OUTPUT OF THE EXAMPLE ABOVE
Fri Oct 25 20:34:58 2013
Sat Oct 26 22:34:51 2013
Tue Apr 15 14:34:51 2014
Sat May 30 17:06:30 2009
Fri Mar 31 18:51:55 2000
Tue Oct 12 18:51:53 1999
Building on dbush' excellent analysis, there still one issue regarding the days.
This can be explained by the format, instead of counting days since epoch counts years since epoch and day of year, but ignoring leap years and using a fixed 366 day year. This sets the epoch to 31 December 1993.
So from the days_since_epoch part in dbush' answer, calculate years_since_epoch = days_since_epoch / 366 and day_of_year = days_since_epoch % 366. Set the epoch at 1993-12-31, and add the lapsed time since epoch (taking leap days into account), and you'll get the correct dates from the timestamp.
The last two timestamps you added doesn't fit dbush' analysis and so seem follow a different format. Note that the bit that dbush assumed was a DST indicator is no longer set - it actually appears to be a date scheme selector rather than DST indicator.
The date part of the last two examples is simpler - it's simply days since epoch (but a different epoch - 3 January 1986).
Edit: following discussion in chat, I'm updating my code samples.
Because my implementation - and some of the results differ from dbush' implementation and results, I'm adding an explanation as well.
If the format is based on 4 hex bytes AA BB CC DD, we treat this as a big-endian 32-bit number (AA msb = bit 31, DD lsb = bit 0), the hex timestamp is decoded as follows:
bits 0-14: number of seconds into a 8-hour window
bit 15: date scheme/epoch selector (see below)
bits 31-16 mod 3: the 8-hour window of the day.
bits 31-16 div 3: an indication of days since epoch (let's call it day_count)
day_count is not the actual number of days as both schemes treats every year as having a fixed number of days. It also includes the current (partial) day, so we should remove the partial day by subtracting one from day_count. This also means that a zero day_count is probably invalid (This has been confirmed for one of the two schemes 00000000 and 00030000 yield the same date - if 00008000 and 00038000 yield the same value it also holds for the other scheme)
For each scheme, there are only two parameters that differ between the schemes, epoch and days_per_year. Given these parameters, the calculation is the same - work out the following:
years_since_epoch = day_count / days_per_year
days_since_new_year = day_count % days_per_year // whole days
Then calculate the actual number of days since epoch as days_since_new_year plus the number of days in each year since epoch, taking leap days into account.

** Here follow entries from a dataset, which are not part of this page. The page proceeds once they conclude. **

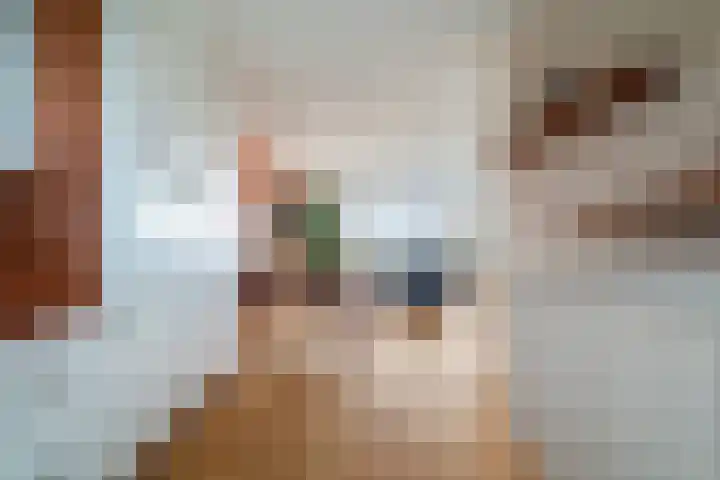 Volendamlaan 1226 Den Haag thumbnail 28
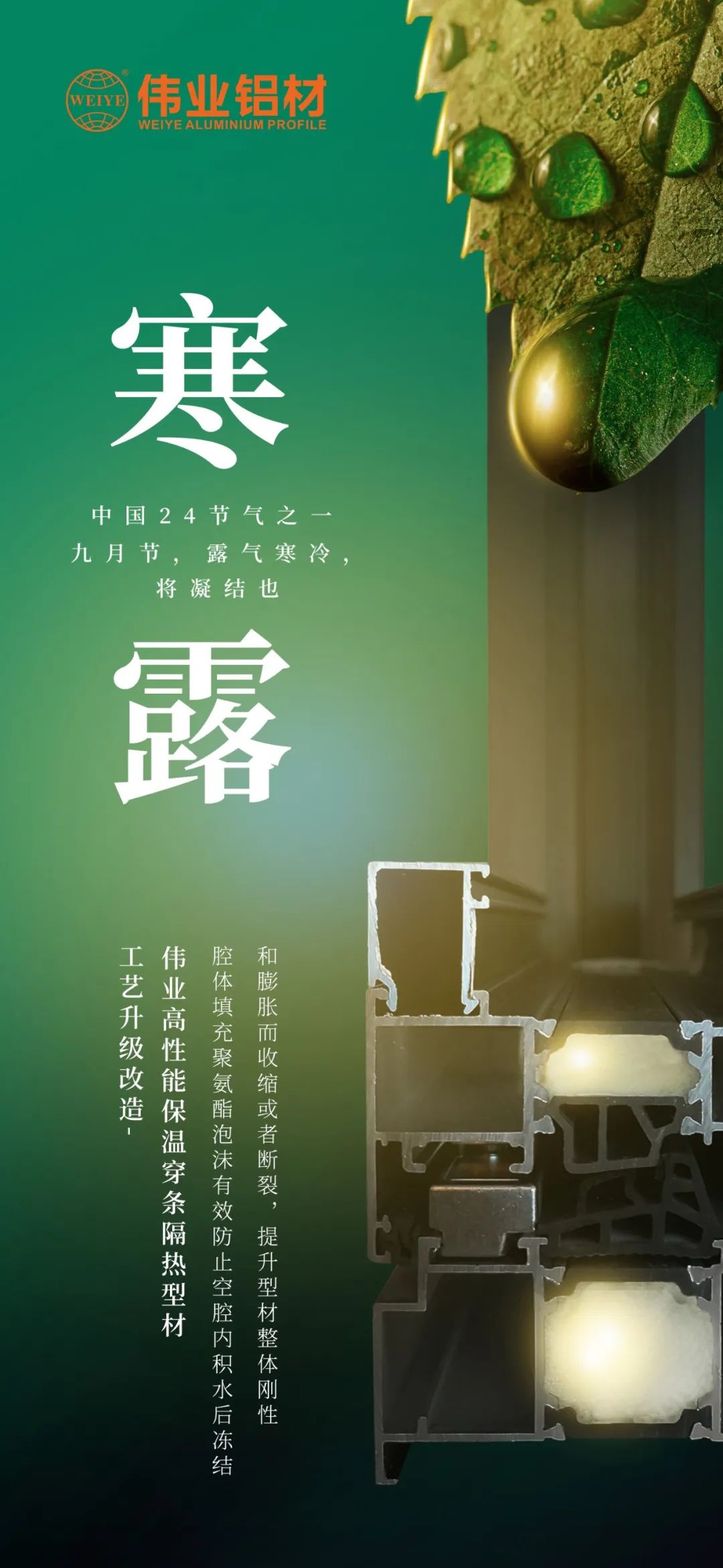 #寒露 九月节，露气寒冷，将凝固也 时光入深秋，岁月便深情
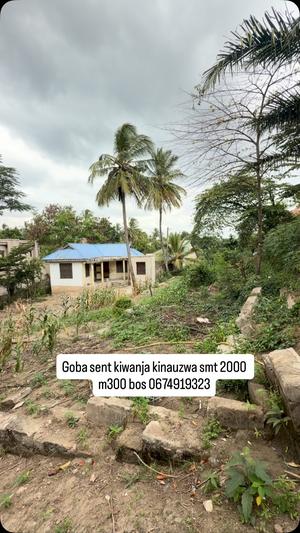 Plot for sale in Goba, Dar Es Salaam sqm 2000 Plot for sale in Goba, Dar Es Salaam sqm 2000
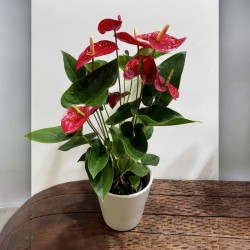 Anthurium Love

The two schemes are selected by bit 15:
If 1, epoch is 1994-01-01 and days_per_year is 366
If 0, epoch is 1986-01-01 and days_per_year is 365
The following code decodes both timestamp formats:
#include <stdint.h>
#include <time.h>
int isLeapYear( int y )
{
if ( y % 400 == 0 ) return 1;
if ( y % 100 == 0 ) return 0;
if ( y % 4 == 0 ) return 1;
return 0;
}
time_t decodeTimestamp (uint32_t timestamp)
{
time_t result = 0;
int y, days_since_new_year, years_since_epoch, epoch_year;
int day_count = (timestamp >> 16 ) /3;
int part_of_day = (timestamp >> 16 ) %3;
int seconds_in_day = part_of_day * 8 * 3600 + ( (timestamp & 0x7FFF) % 28800 ) ;
if ( day_count > 0 )
{
--day_count; // remove current (partial) day from day_count
}
if ( ((timestamp >> 15) & 1) == 1 ) // bit 15 is date scheme
{
days_since_new_year = day_count % 366;
years_since_epoch = day_count / 366;
epoch_year = 1994;
result = 757382400; //1994-01-01
}
else
{
days_since_new_year = day_count % 365;
years_since_epoch = day_count / 365;
epoch_year = 1986;
result = 504921600;//1986-01-01
}
result += years_since_epoch * 365 *24*60*60;
for ( y = epoch_year ; y < epoch_year + years_since_epoch; ++y )
{
if ( isLeapYear( y ) )
{
result += 24 * 60 * 60;
}
}
result += days_since_new_year * 24 * 60 * 60;
result += seconds_in_day;
return result;
}
I've put this up on http://codepad.org/K4JC0zmf, which also includes a main function which test against all of the examples I've seen in this thread. The only one it falls over is C0068000, which is explained by time_t being 32 bits not 64 bits.
Edit 2: Updated dbush' implementation in the side-by-side on codepad.
I've also put both mine and dbush' (current) implementation on http://codepad.org/vMYzNM4g to see the differences.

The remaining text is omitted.